Agnese's husband told reporters he had "forgiven" his wife, adding, however, that he wanted nothing more to do with her.

Her children had been sent off to relatives in Milan and Calabria, so Agnese had little choice but to return to her parents.

Leonardo's mother was reportedly furious with him, so he opted to head for the more accommodating welcome of his grandfather.

The latter-day Romeo and Juliet, however, were far from repentant.

Agnese announced she was pregnant by Leonardo and wanted to have his child. Leonardo said he wanted to be with Agnese and hinted he would not have returned from Germany had he known he would be separated from his lover.

Unfortunately for the runaway paramours, news of their "elopement" broke in the national press last week.
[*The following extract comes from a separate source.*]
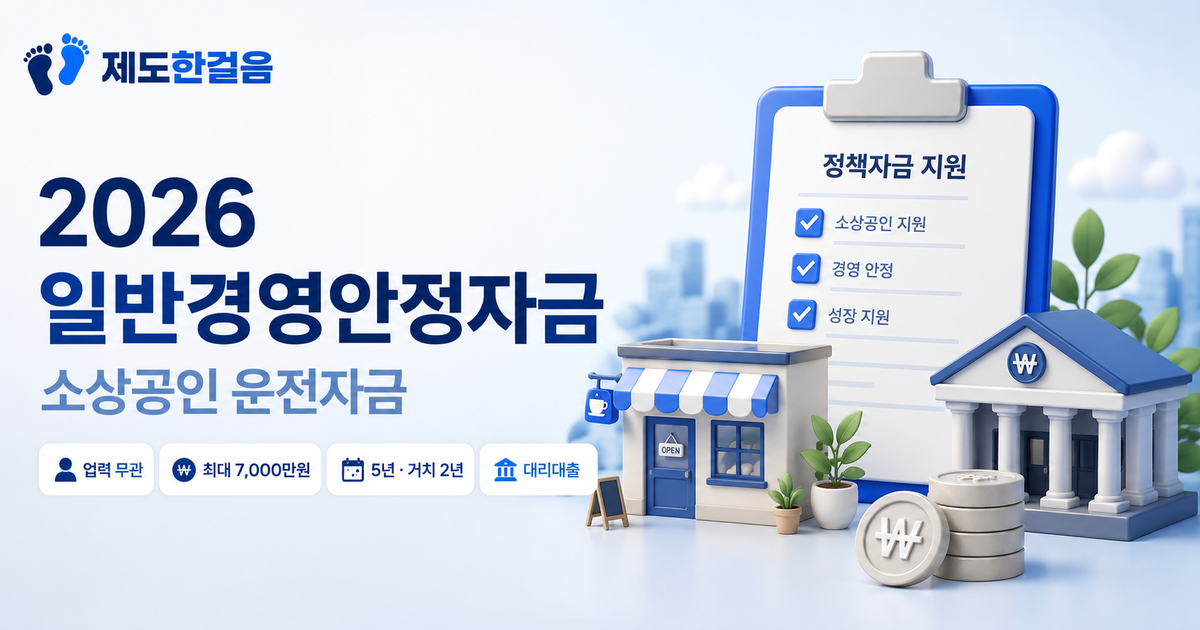 2026 일반경영안정자금 소상공인 운전자금 안내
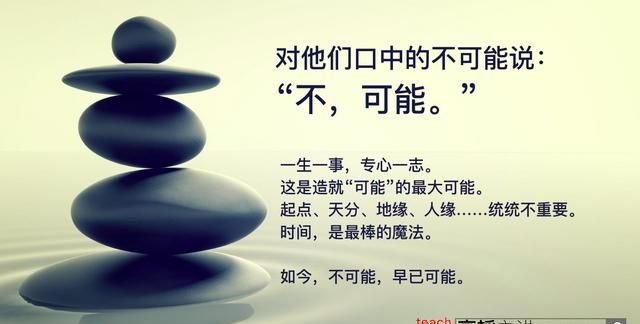 企业培训ppt怎么制作,培训产品ppt怎么做图12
A pack of photographers, many reporters and three outside broadcast units were in the village of Montecastrilli (4,500 inhabitants) awaiting their return on Monday, much to the delight of a local bar-owner, Luciano Pinchetto, who commented: "In the last few days I've been flat out making sandwiches. We don't get this many people even on April 25th, the day of the tractor festival." While the hacks ate their sandwiches, Agnese and Leonardo's love story moved from the realm of private drama to soap story and prime-time news item. Wittingly, it seems, the main protagonists lent themselves to this metamorphosis.

On Monday Agnese sat in front of the family log fire, telling viewers of RAI 1's main evening news bulletin that it was difficult to explain what had happened, claiming that her private life was her business and not the public's, but adding: "Love is unpredictable. It's something that explodes all of a sudden and that you have to live to the full." Just a few yards down the road, her husband was sprucing himself up for an appearance on Italy's most famous TV chat show, the Maurizio Costanzo Show.
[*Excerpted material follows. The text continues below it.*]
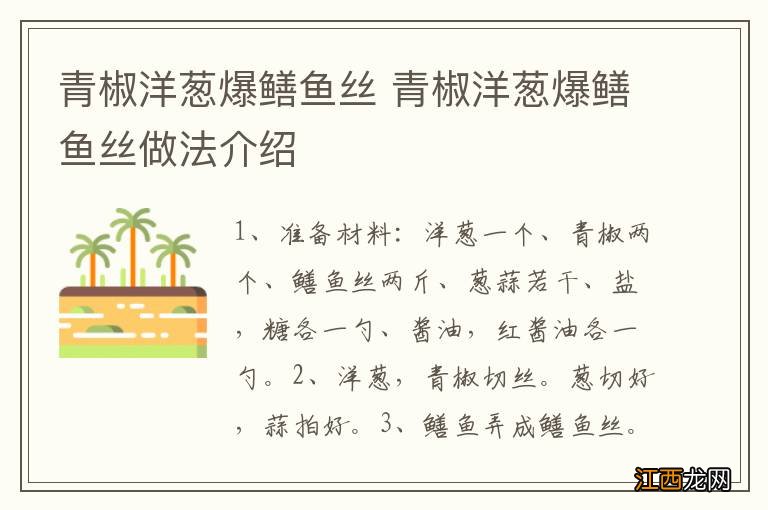 青椒洋葱爆鳝鱼丝 青椒洋葱爆鳝鱼丝做法介绍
Telling friends he was off to see Maurizio, Valentino climbed into the plush limousine laid on by the television company to take him to Rome to record his version of his very public cuckolding.
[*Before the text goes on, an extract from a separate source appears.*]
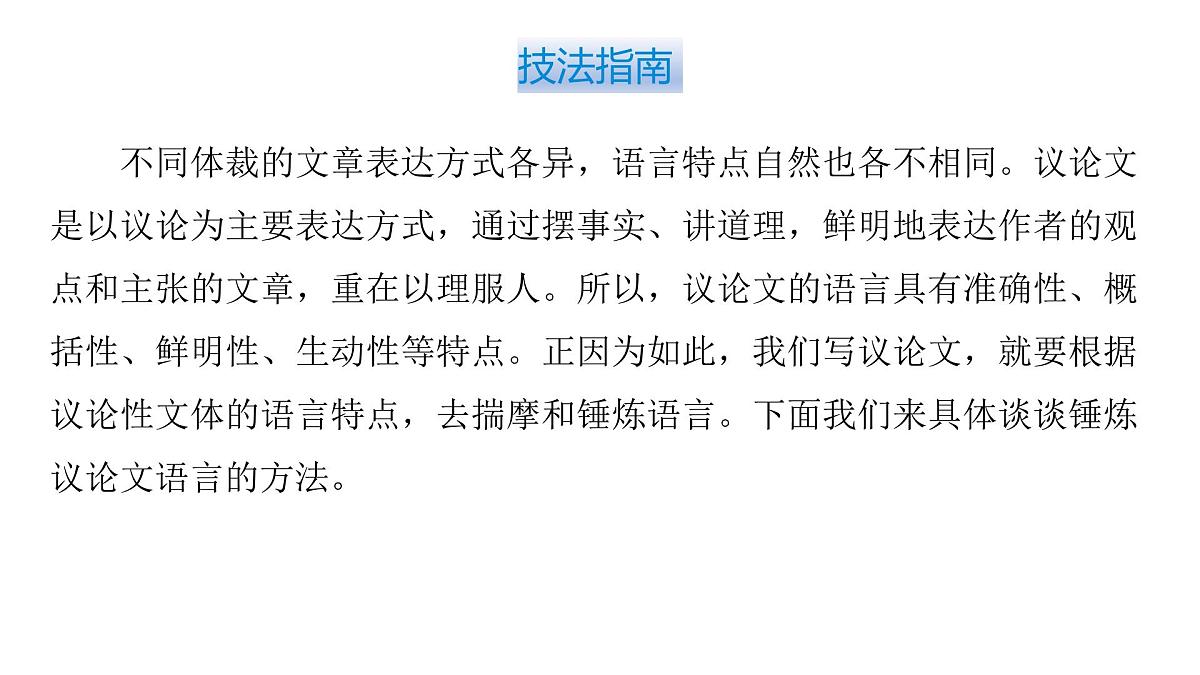2026届高考第一轮复习课件语文统编版：作文写作之锤炼语言让作文有颜值第6页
Asked by one reporter how it felt to have become "famous" for having been betrayed by his wife, Valentino replied with a big smile: "Famous? Me? Who knows . . . Maybe they'll ask me to make a film about it all." Which brings us to Andy Warhol and his celebrated observation that everybody gets to be famous for a quarter of an hour.

The love story might have been a good-news item, for a quarter of an hour at least, but in truth it is also a story of provincial squalor and boredom.

It is the story of a young woman, already a mother by the age of 16 and with three children by the age of 26, who feels herself trapped and without a future. It is the story of a hardworking lorry-driver, given to occasional fits of violence on his return home. (Months ago, Agnese filed a formal complaint for abuse against Valentino, charges subsequently withdrawn).

"We're poor people", Valentino told reporters. "We try to survive. Don't talk to me about being happy . . . If she now wants to marry the boy, I'll give her away . . . I made out our bank account in her name, the car was hers and so was the sofa and the fridge. So what more did she want?"

Love, affection and, it seems, a spot on prime-time TV.